**DATASET SECTION**.
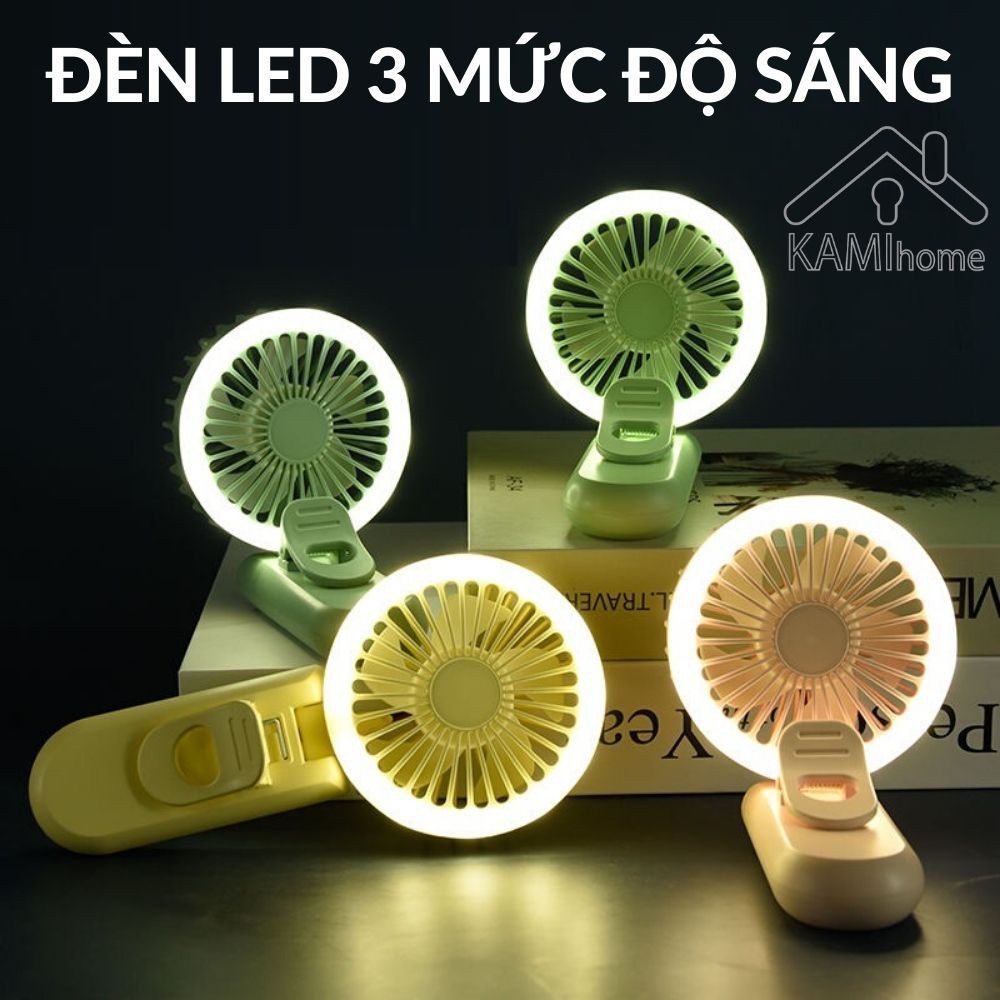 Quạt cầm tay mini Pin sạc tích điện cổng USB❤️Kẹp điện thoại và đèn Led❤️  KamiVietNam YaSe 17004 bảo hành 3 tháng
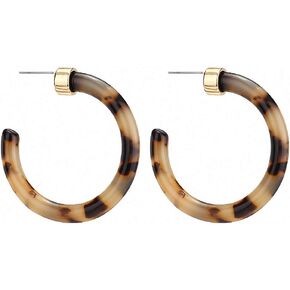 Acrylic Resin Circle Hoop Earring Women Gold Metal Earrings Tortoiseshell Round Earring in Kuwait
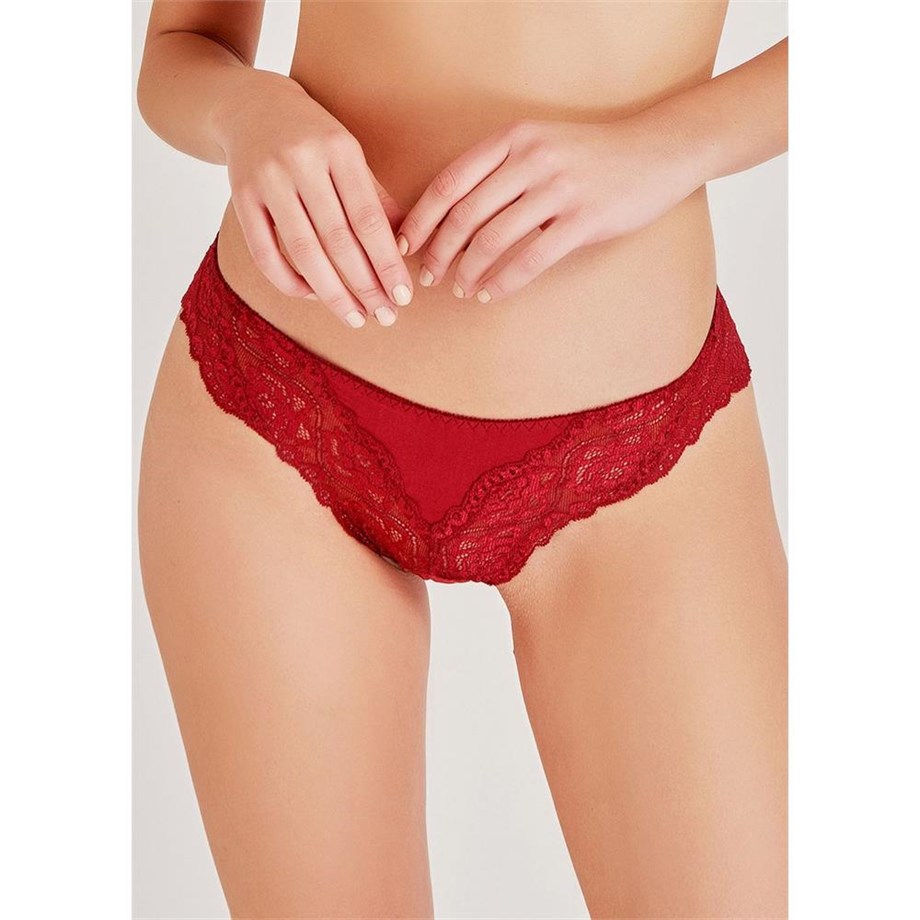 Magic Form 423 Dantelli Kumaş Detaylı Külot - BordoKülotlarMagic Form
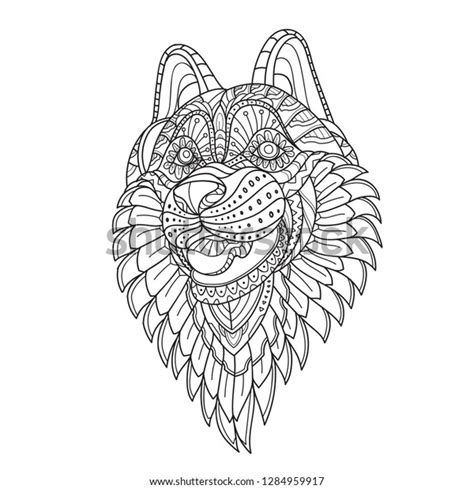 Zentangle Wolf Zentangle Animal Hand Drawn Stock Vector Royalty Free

**PROMPT**.
Print the material above exactly as it appears, but not its pictures.

**ANSWER TO THE PROBLEM**.
 Quạt cầm tay mini Pin sạc tích điện cổng USB❤️Kẹp điện thoại và đèn Led❤️  KamiVietNam YaSe 17004 bảo hành 3 tháng
 Acrylic Resin Circle Hoop Earring Women Gold Metal Earrings Tortoiseshell Round Earring in Kuwait
 Magic Form 423 Dantelli Kumaş Detaylı Külot - BordoKülotlarMagic Form
 Zentangle Wolf Zentangle Animal Hand Drawn Stock Vector Royalty Free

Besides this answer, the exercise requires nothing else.